Do you have a local salivary that sells chickens you could probably buy eggs or buy chicks


----------



## mbrock (Sep 17, 2014)

Im having trouble finding much locally. It is hard to find a sinlgle hatchery that has all 4, I have a friend that i have been trying pull our orders together but being in town we can only have 10 hens, i have 4 and she is just staring and only wants 5.


----------



## mbrock (Sep 17, 2014)

Ordered them, they won't be here until March 5. My son seemed to understand.

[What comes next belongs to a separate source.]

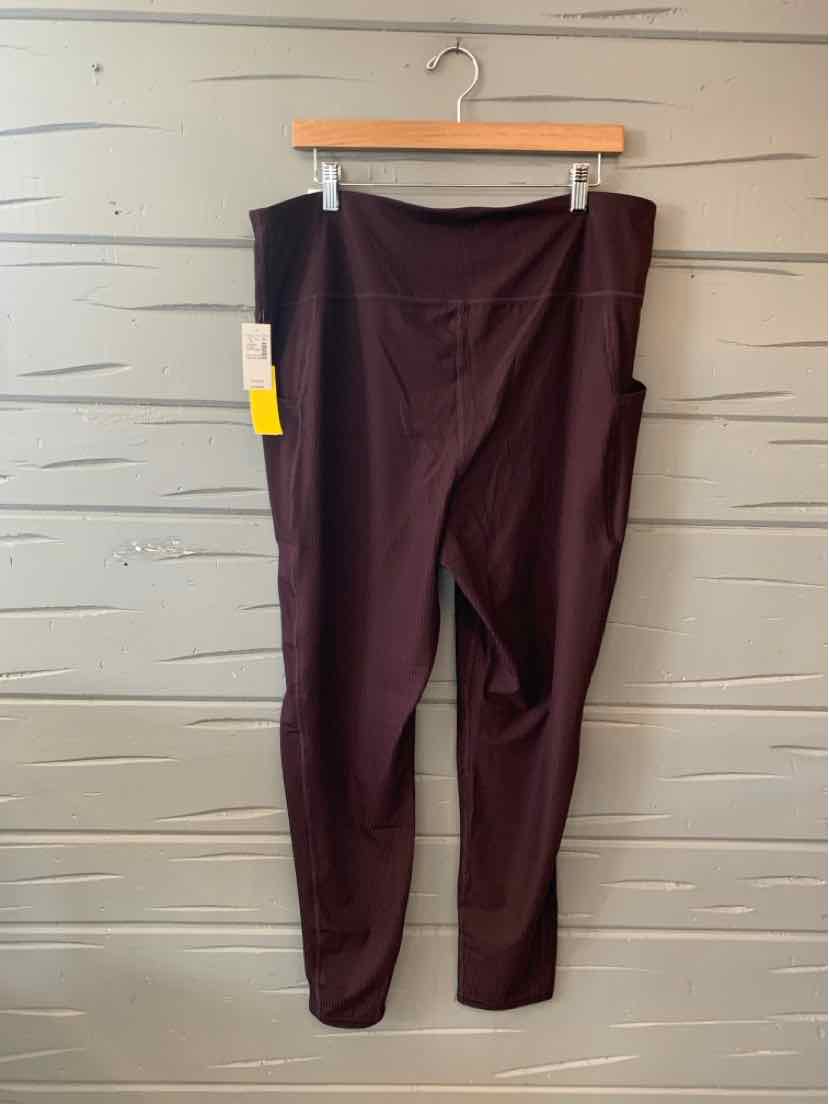 Plus-size burgundy straight-leg pants with tag on waistband hanging on wooden hanger.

His answer was great time to build a better coop.


----------



## Cowchickfarmer (Sep 10, 2014)

Your son is going to be a great person


----------



## mbrock (Sep 17, 2014)

He hard to make a change or two to get them by March 2. 
1.Mottled Ancona
2.Golden Laced Wyandotte
3.Speckled Sussex 
These he got to keep 
He had to change the Appenzeller Spizhauben and salmon Faverole.
Had changed to 
1. Silver Laced Polish( has a home ready if she does no fit in.
2. Bernevelder(she looked cool)
3 and a second speckled sussex


----------



## Elgallo (Dec 10, 2014)

I am looking for some Delaware chicks or very young hens....anybody Know of any in the Central Texas area?


----------



## Jim (Sep 26, 2012)

Are you near bastrop? If so, H and H may have some.


Jim


----------



## Elgallo (Dec 10, 2014)

Thanks Jim I will try H & H.....I am in Wimberley between Austin & San Antonio


----------



## Jim (Sep 26, 2012)

Well, they aren't far from YA then. 


Jim


----------